## Problem to solve
Exact copy required. Repeat the records, but keep the pictures out.

═══ Dataset extract ═══

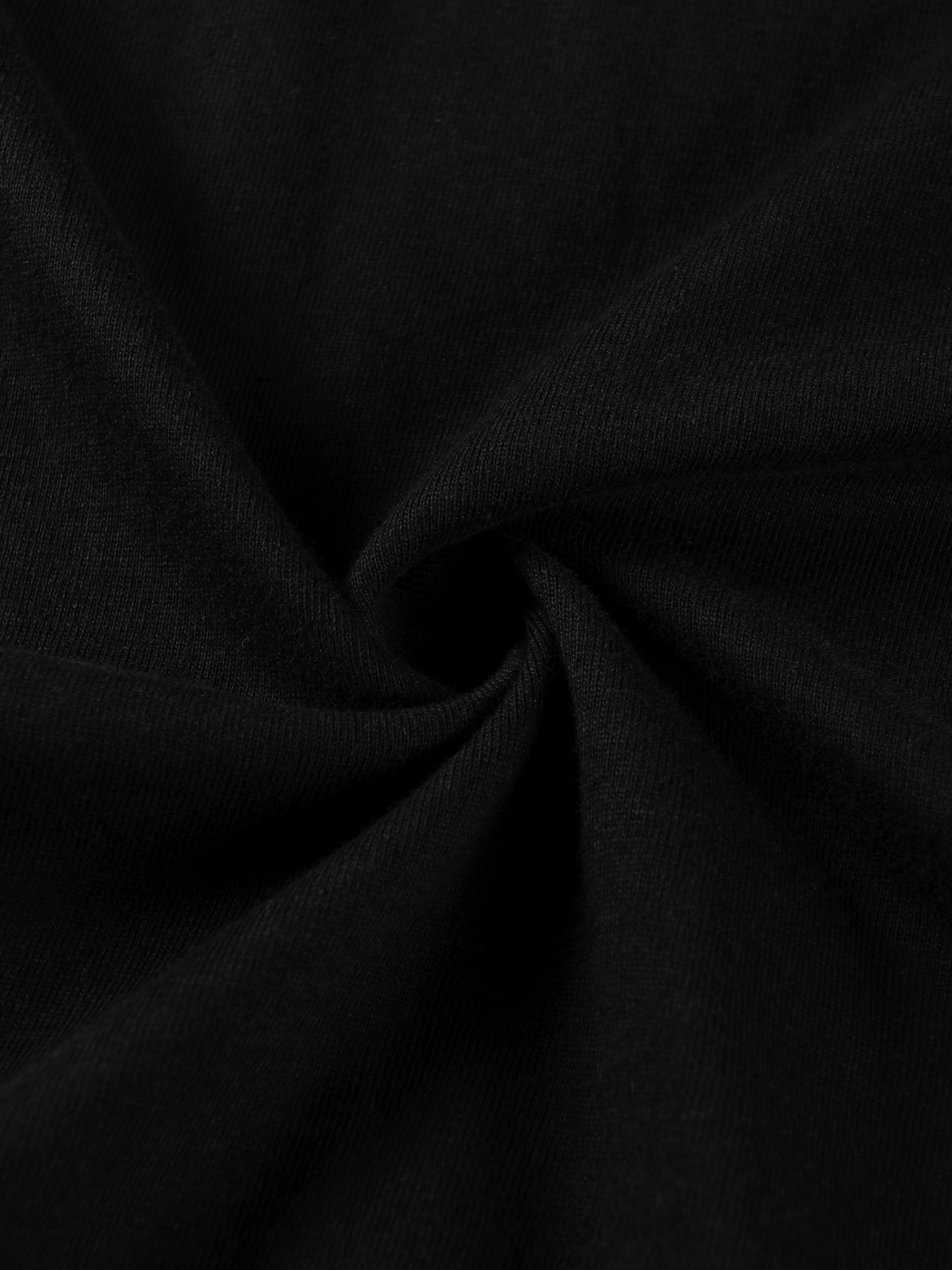 T-shirt infantil de cor sólida, blusa casual de manga curta, t-shirt infantil para o verão.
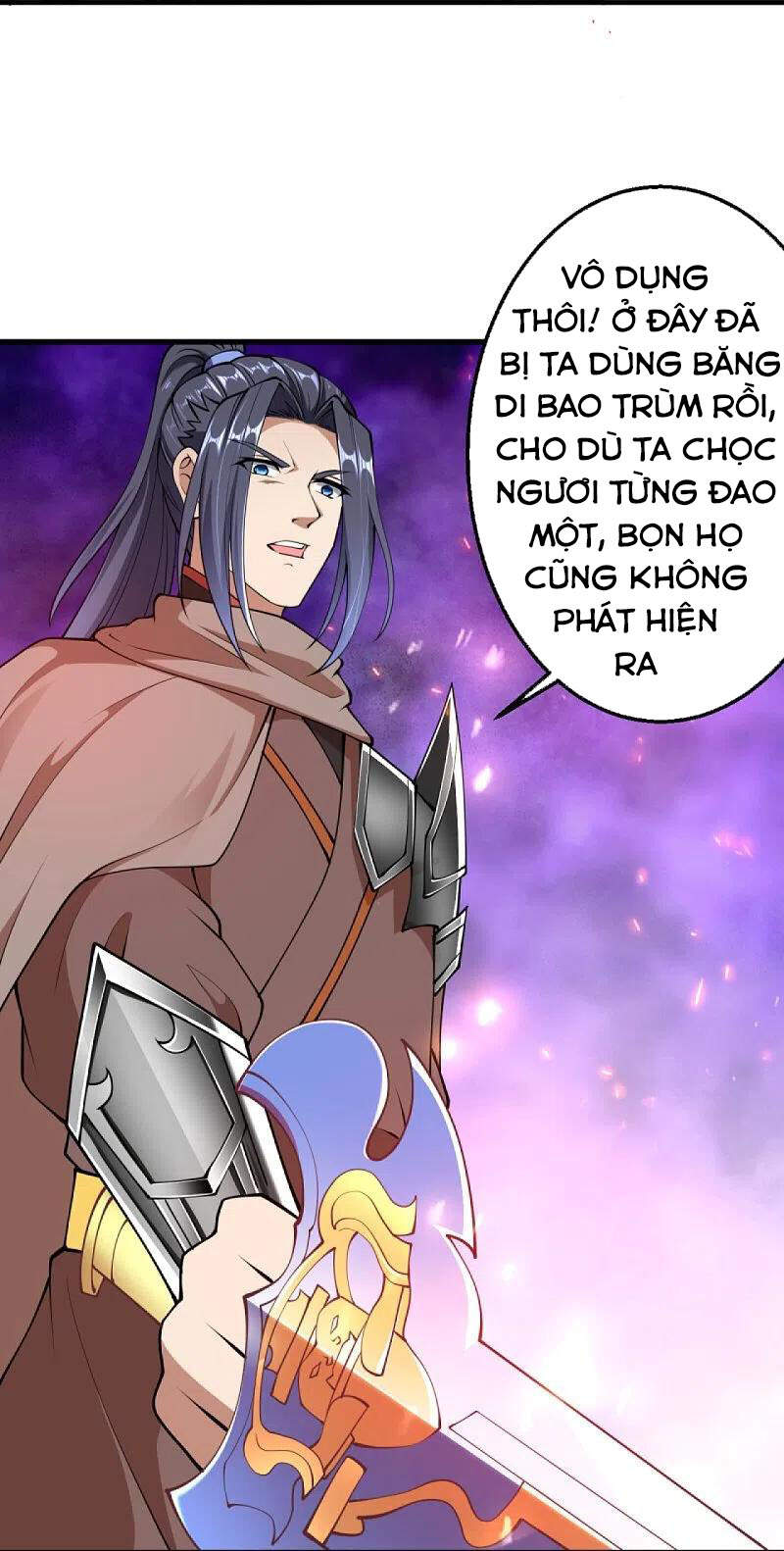 Nghịch Thiên Tà Thần - Chương 400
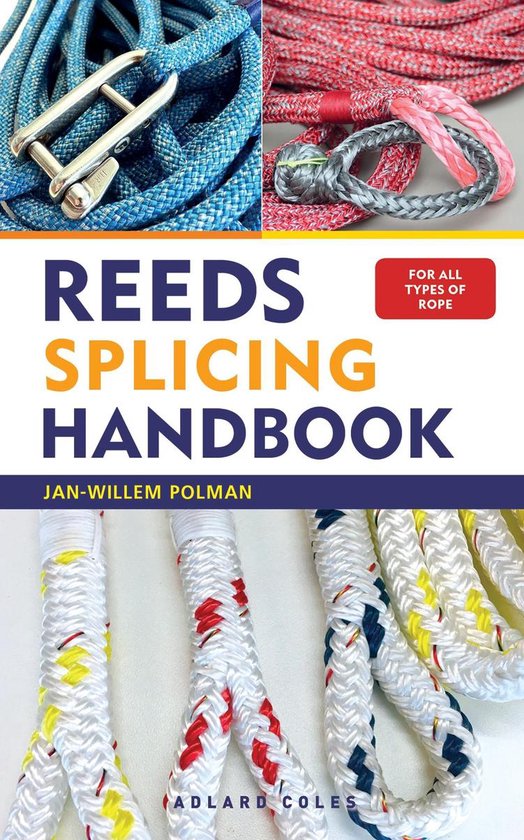 Reeds Splicing Handbook - cover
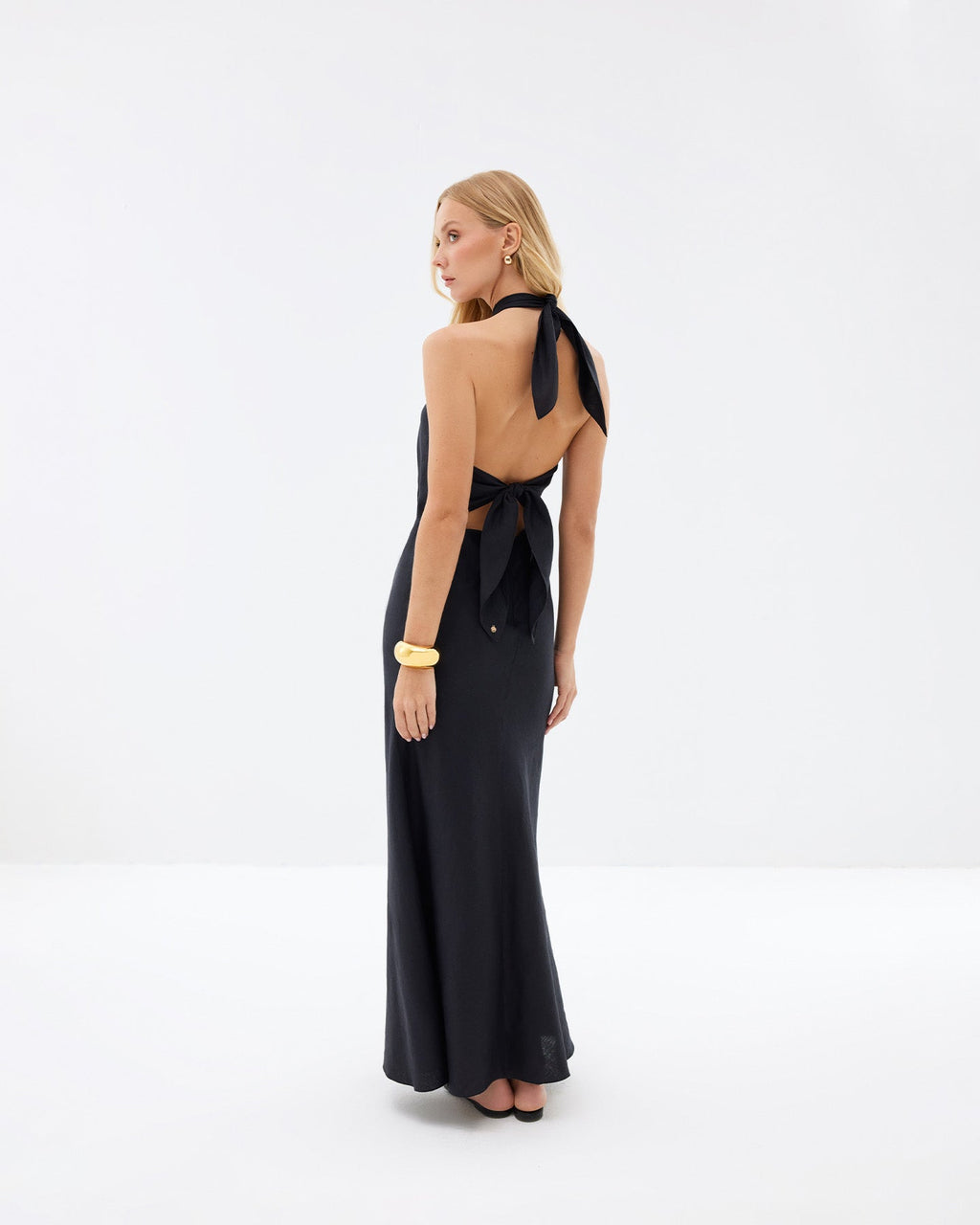 Heliconia Midi Dress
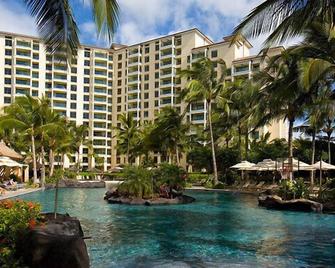 Marriott's Ko Olina. Oceanview Villa At This Amazing Beachfront Resort. - Kapolei - Pool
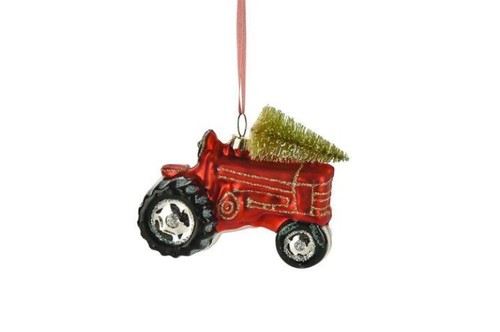 Gift company hänger traktor - gift,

═══

## Reply
 T-shirt infantil de cor sólida, blusa casual de manga curta, t-shirt infantil para o verão.
 Nghịch Thiên Tà Thần - Chương 400
 Reeds Splicing Handbook - cover
 Heliconia Midi Dress
 Marriott's Ko Olina. Oceanview Villa At This Amazing Beachfront Resort. - Kapolei - Pool
 Gift company hänger traktor - gift,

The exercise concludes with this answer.